It’s Christmas Eve, 1944, and Frank Gartz just took the test to determine what his classification in the Army Air Corps would be. Pilot? Navigator? Bombardier? Gunner? Read on to find out about the tests he describes that will determine his fate. He’s now in California—Santa Ana Army Air Base, to be exact, and this next week he’ll be on pins and needles, waiting.

Frank also refers again to his at-home girlfriend, Cookie (aka LaVerne Karbach), who has his Austin High School ring, which he would like to have to wear while he’s going through training. He may consider it a bit of good luck, I’m not sure.

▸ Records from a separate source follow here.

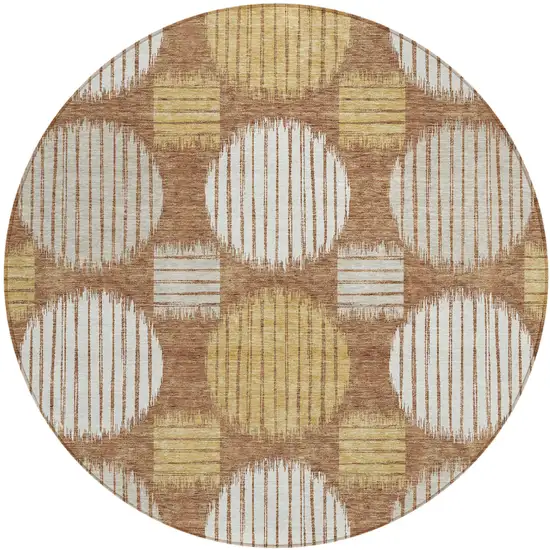 8' Brown Beige And Ivory Round Geometric Washable Indoor Outdoor Area Rug Photo 2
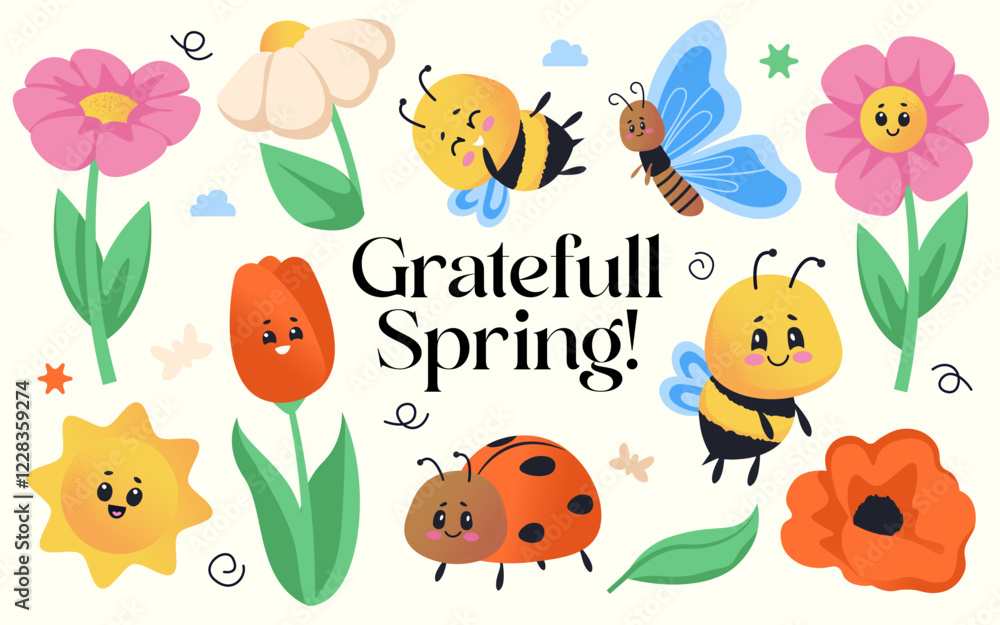 Fototapeta premium Grateful spring composition with cute colored doodle insects and flowers bloom characters set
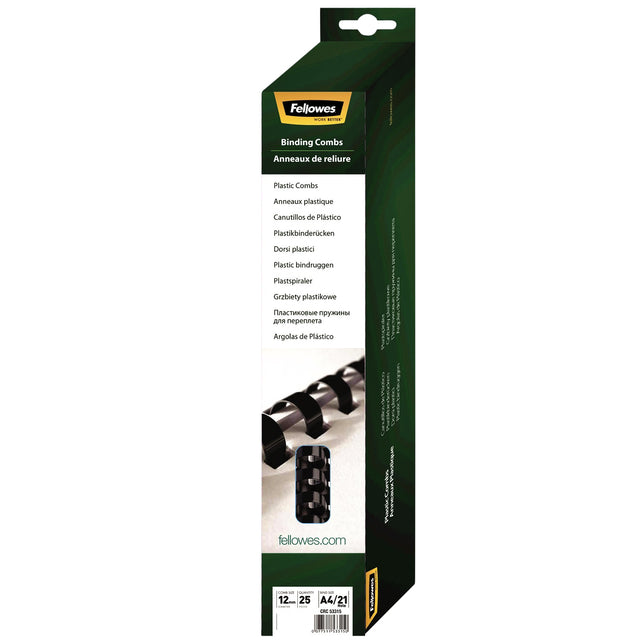 Fellowes - Binderücken 12mm 21 Ringe A4 schwarz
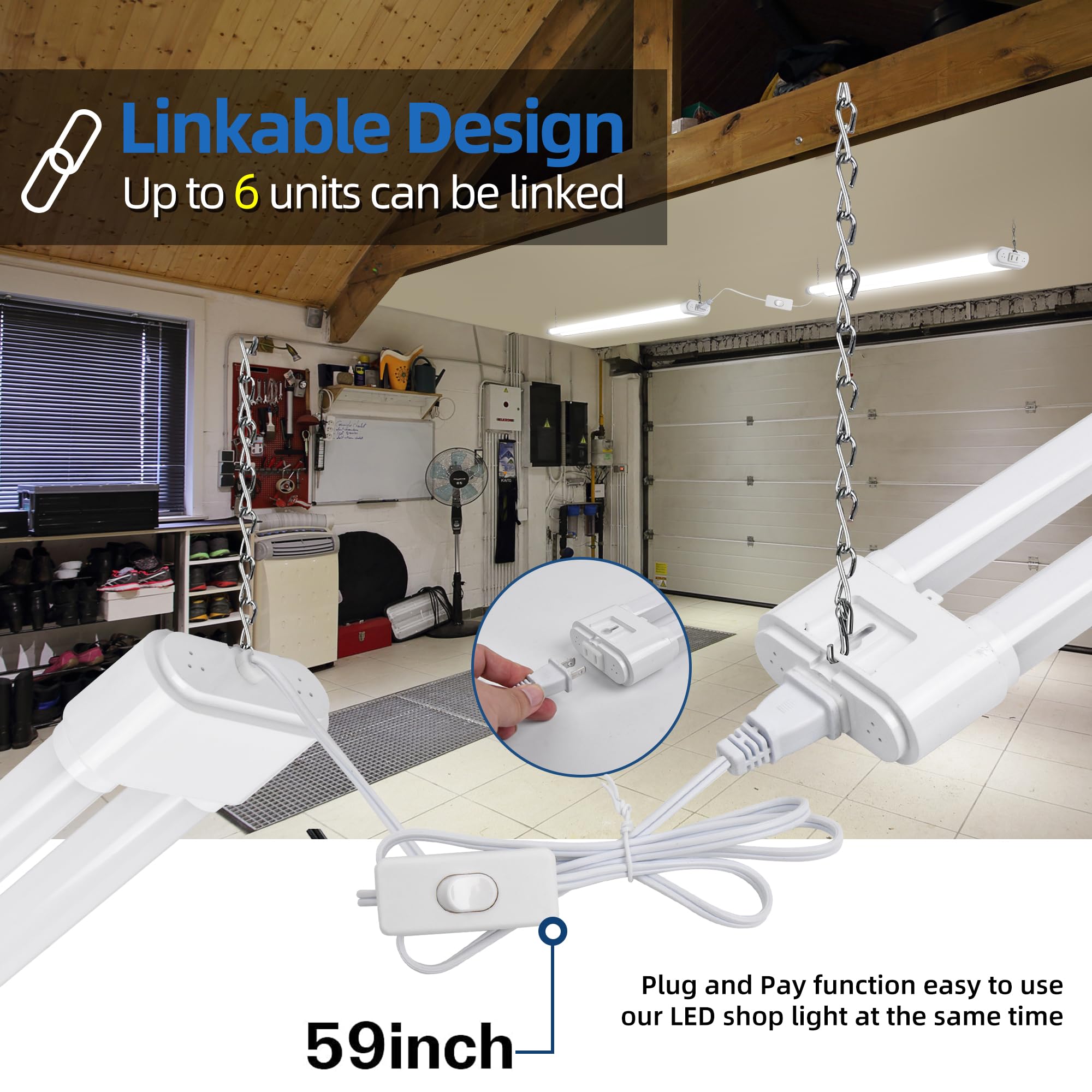 hykolity LED Shop Light 4FT 44W 4600lm 5000K Daylight White Model HB-Q10-50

This is the first letter from Santa Ana and it seems that several previous ones from the month of December are lost or missing from my collection. No matter. It’s 1944 when the drama begins. Sign up for a subscription to be sure not to miss the saga of an airman in training and life on the Chicago home front.


Santa Ana Army Air Base

Santa Ana, California


Dear Mom,

We finished Classification today and I’ll soon know what I’ve been classified as until then I’ll just wait patiently.  I was a little scared about my eyes but they stood up swell.  Vision is 20/20 in each eye and an Eso 4.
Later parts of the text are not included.